Figure 3: End-to-end benchmark pipeline of Iceberg from data ingestion, embedding generation, index construction, and task-specific evaluation.

Figure 4: Schematic pipeline of the information loss funnel across embedding, metric selection, and index sensitivity layers.

Empirical Analysis: Pitfalls and Insights

1. Embedding Loss

Experiments reveal non-trivial upper bounds on task-centric accuracy even at 99.9% synthetic recall, e.g., DINOv2 embeddings on ImageNet achieve only ~71% label recall@100. Model architecture and loss formulations control maximal possible downstream utility.

2. Metric Misuse

Selecting an inappropriate similarity metric for a given embedding can render high synthetic recall valueless. For instance, MIPS yields <1% label recall on some classification tasks, despite synthetic recall >99.9%. Conversely, semantic angular-margin losses (e.g., ArcFace) require inner-product metrics for optimal task utility.

Figure 5: Downstream task-centric matching score versus synthetic metric recall on commerce recommendation—a non-monotonicity evidences metric misalignment.

Figure 6: Task-centric performance differences as a function of similarity metric, demonstrating dependence on embedding geometry and loss.

Figure 7: Synthetic recall curves across four representative datasets, contrasting methods and metric spaces.

3. Data Distribution Sensitivity

Partition-based methods outperform graph-based approaches for highly clustered or large angular dispersions in embeddings. In contrast, graph methods excel under moderate contrast and better connectivity. Erroneous method selection can sharply curtail achievable recall or throughput.

Figure 8: Label recall distributions and inter-query distance relationships under synthetic recall constraints, quantifying funnel bottlenecks.
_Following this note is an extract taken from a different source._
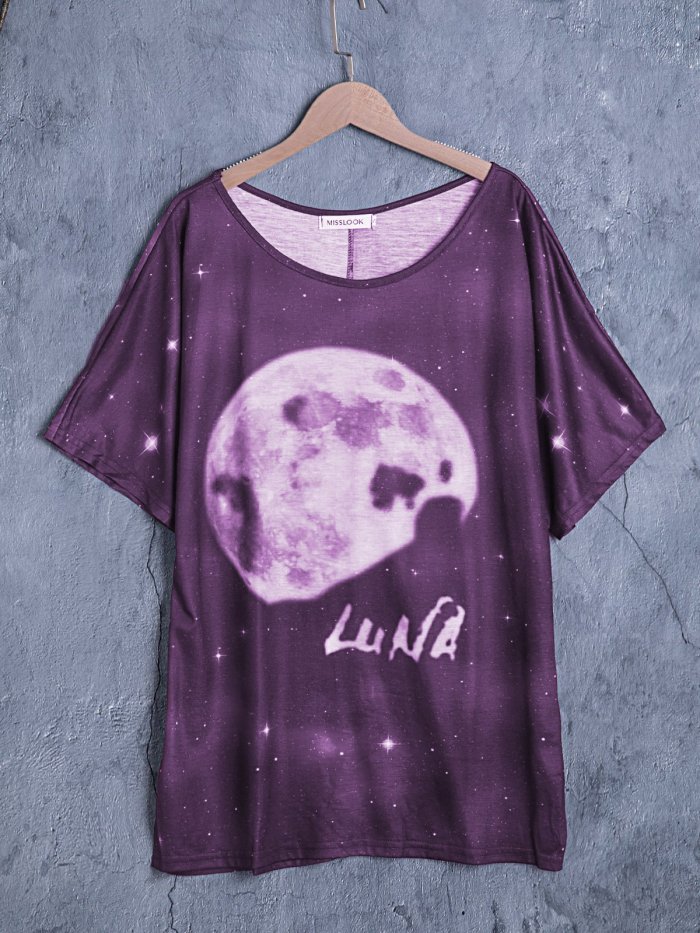 Cotton Short Sleeve Crew Neck Shirts & Tops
Figure 9: Visualization of representative dataset distributions—extreme angular separation in Glink360K versus norm-diverse, mixed structure in BookCorpus.
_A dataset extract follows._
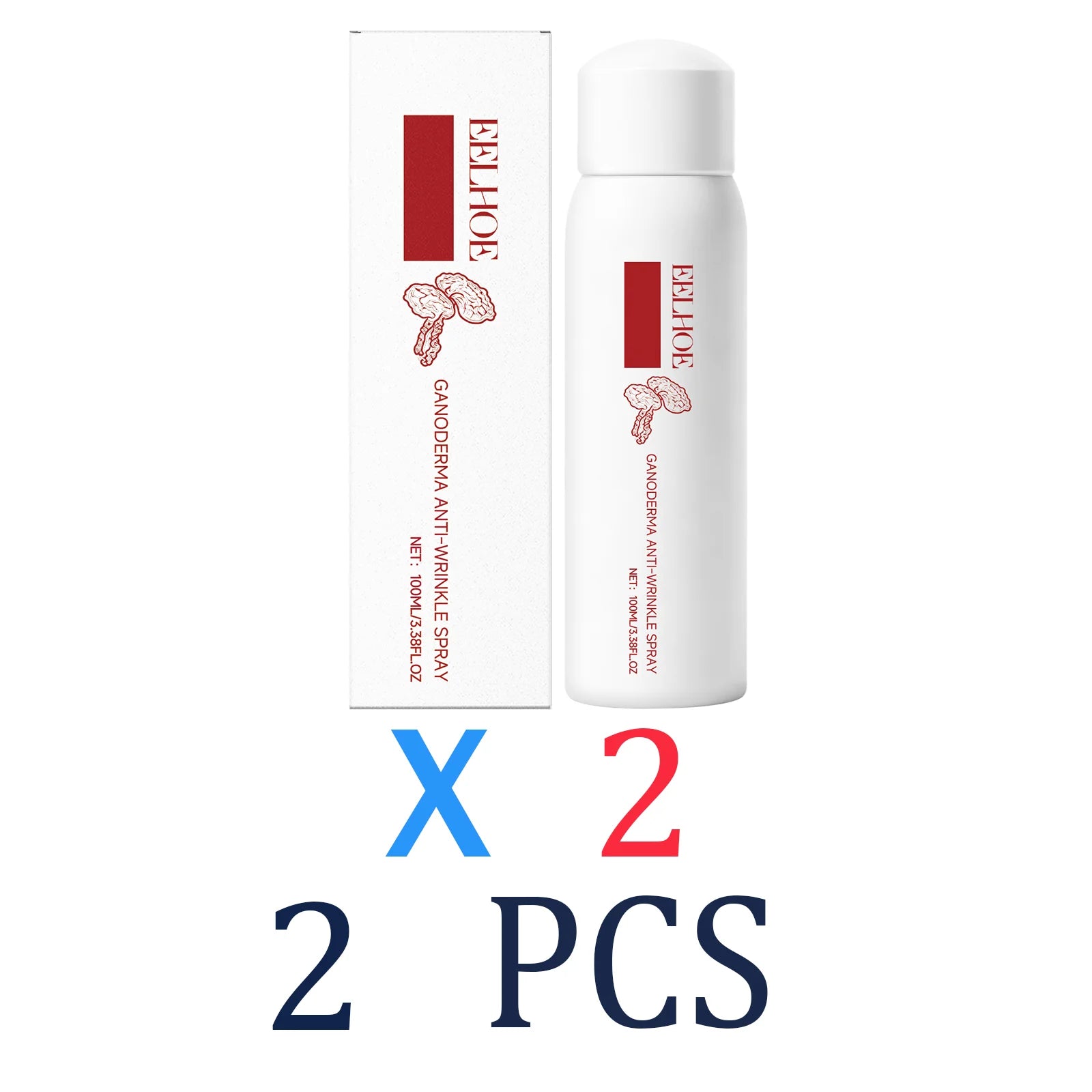 Reishi Mushroom Facial Spray Hydrating Toner with Hyaluronic Acid for Glowing Skin Makeup Setting Spray Face Mist for Dry Skin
Decision Tree for Method Selection

Iceberg introduces an interpretable, meta-feature-driven decision tree guiding metric and method selection. Four meta-features govern these decisions:

DBI (Davies-Bouldin Index): Separability and compactness of clusters (using either Euclidean or angular measures)
CV (Coefficient of Variation of Norms): Uniformity in embedding norms
RA (Relative Angle), RC (Relative Contrast): Inform angular dispersion and neighborhood density

Metric choice is dictated by joint DBI and CV thresholds. Subsequently, algorithmic selection leverages RA and RC, favoring partition-based methods for high angular dispersion or low local contrast, and graph-based methods for better global connectivity.

Performance Re-ranking and Leaderboards

Iceberg's task-centric evaluations lead to substantial deviations from traditional synthetic recall-based rankings. For MIPS on commerce recommendation, ip-NSW+ outperforms graph-based MAG despite its synthetic recall supremacy. Across all domains, optimal method selection is dataset- and metric-dependent, necessitating adaptation beyond default best-practices.

Broader Implications and Future Directions

The layered analysis underscores that synthetic-centric optimization in VSS is fundamentally insufficient—pipeline information loss precludes end-task fidelity. The authors advocate for task-, metric-, and distribution-aware search algorithms capable of dynamic adaptation. Advances should include metric auto-selection, end-to-end optimization with downstream objectives, and hybrid indexing strategies. The interpretability of Iceberg’s decision tree facilitates actionable guidance for engineering teams and motivates principled algorithmic innovation.

Conclusion

This work operationalizes task-aligned evaluation for large-scale vector similarity search, exposing critical mismatches in current academic and industrial VSS practices. By formalizing the information loss funnel and introducing a comprehensive, integrated benchmark pipeline, it delivers both diagnostic insight and prescriptive tooling for robust, effective VSS deployment. Extension to emerging embedding paradigms and automated index adaptation emerges as the challenging and necessary trajectory for future research.